Suddenly, the skills which have been promoted so much in the past _
that is, a very straightforward and logical way of thinking, i.e. the
classic male thinking _ begins to become quite dysfunctional. You
only have to look at employment and demographic patterns to see
that there's such a big shift towards women's employment away from
male employment of course with all the problems of low wages, parttime work etc. etc. Nevertheless, it is really a big cultural shift. It
seems to me that this is very directly because these new
technologies demand new ways of working, and it just so happens
that portions of the population which seem best equipped for that are
women. If nothing else, there's a real interesting irony of history here:
the attempt to promote the specialised top-down way of doing things
has turned the tables to produce quite the contrary.
I am really interested to link up what you just said to Artificial
Intelligence and Artificial Life. This movement away from expert
systems, which depend on propositional/top-down knowledge,
to systems with more of a bottom-up approach, actually creates
a space where you can insert all kinds of different
epistemologies, such as skills-knowledge, bodily knowledge
and female epistemologies. You know, the sort of knowledge
that has always been devalued.
Sadie: Yes, "intuition" is a good example of that. Intuition is almost
becoming a technical term in the newer distributed systems of
Artificial Intelligence, where you can actually observe the connections
being made in a connectionist system. The only way of talking about
them is actually as flashes of intuition. And it's incredible that the
most denigrated kind of thinking (intuition) _ because associated with
the feminine _ is almost overtaking rigorous logic. If you really want a
machine to think, you allow it to be intuitive. What is so interesting
about this all, is that it wasn't feminism that came along and
demolished all that it demolished itself. That's the beauty of it all. I
also think that you can make very similar parallel historical
observation about the classic image of patriarchal social
organisation, that in trying to effect itself it has undone itself. The
more you DO aim at that kind of centralised control, the more you
endanger it flipping into its opposite. And we're living in a time now,
where both tendencies are equally prominent: on the one hand
there's the Microsoft centralisation tendency, and on the other hand
there's increasing - almost anarchic - street-level grassroots technoactivity. Each is feeding of the other, really. I think the most valuable
thing one can do, is undermine the whole paradigm of a top-down
approach.
I'd like your comment on this quote from VNS Matrix "Bitch
Mutant Manifesto" (see Fringecore #3): "The net's the parthenogenetic bitch-mutant feral child of big daddy mainframe. She's
out of control, Kevin, she's the socio-pathic emergent system.

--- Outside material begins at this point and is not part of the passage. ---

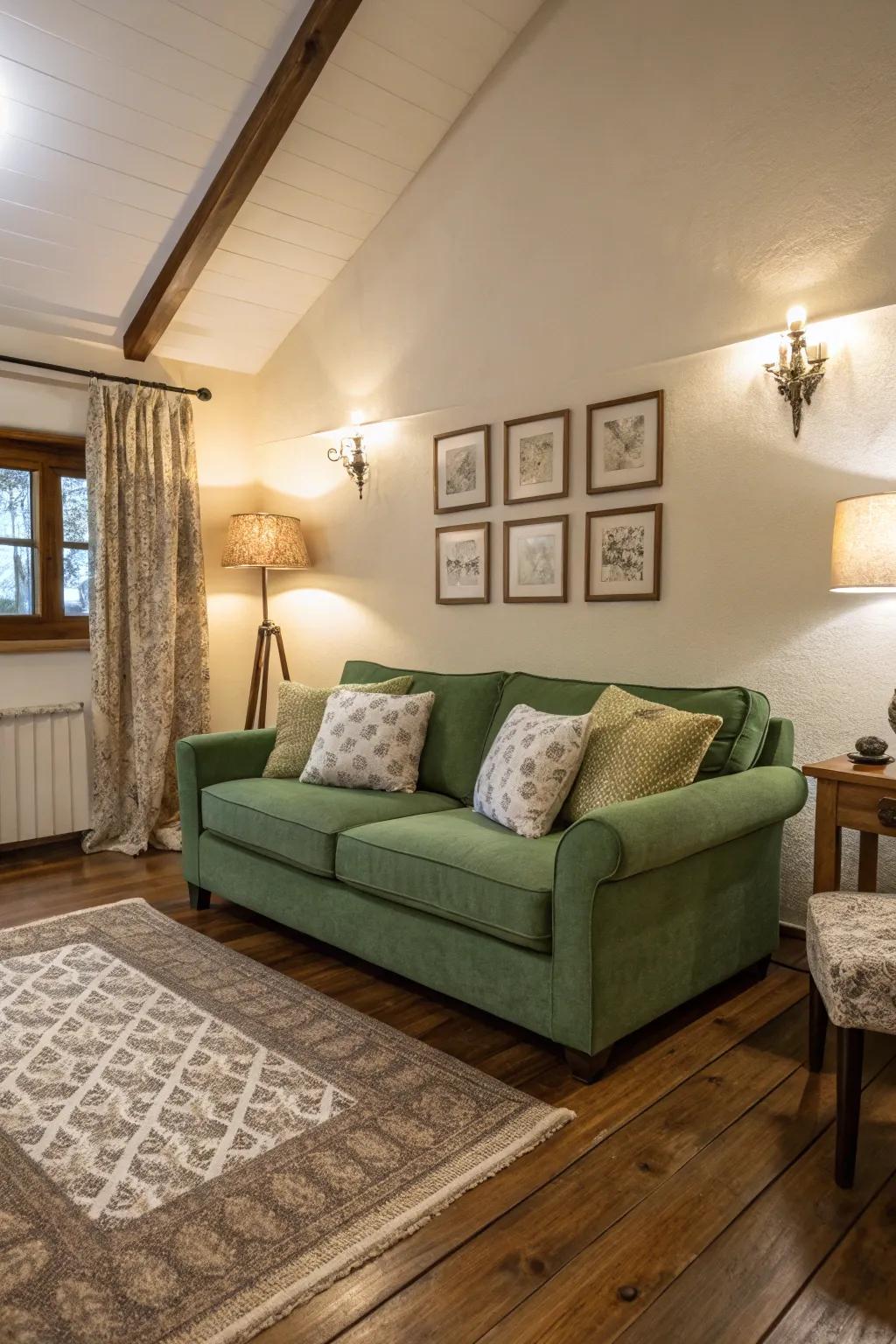 A lively green couch contrasts beautifully with subtle shades.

Lock up your children, gaffer tape the cunt's mouth and shove a
rat up her arse."
Sadie: Gosh!! What can I say about this?!? OK, when I first saw VNS
Matrix' work, I was so impressed with it because it seemed to be as
far away from a kind of "victim feminism" as you could get. At that
time that attitude was so refreshing! You know, that sense of some
insidious, emergent, uncontrollable tendency which is of course by
no means a fiction of the VNS Matrix collective imagination it's a
broadly felt cultural fear. I think that VNS Matrix had a way of
articulating that, and become some kind of beacon for a lot of women
who just couldn't go on because they became associated with the
"victim role". The beauty of VNS Matrix is that you could obviously
read their claims as just metaphorical statements, but it's not just
artistic fantasy. I mean, the partheno-genetic quality of it as an
emergent organisation, the whole mutation and feral tendencies If it
would only be a metaphorical statement, then it still would be
powerful, but what's so impressive about it, is that it is talking about
actual developments as well. So, for all those reasons I'm a fan.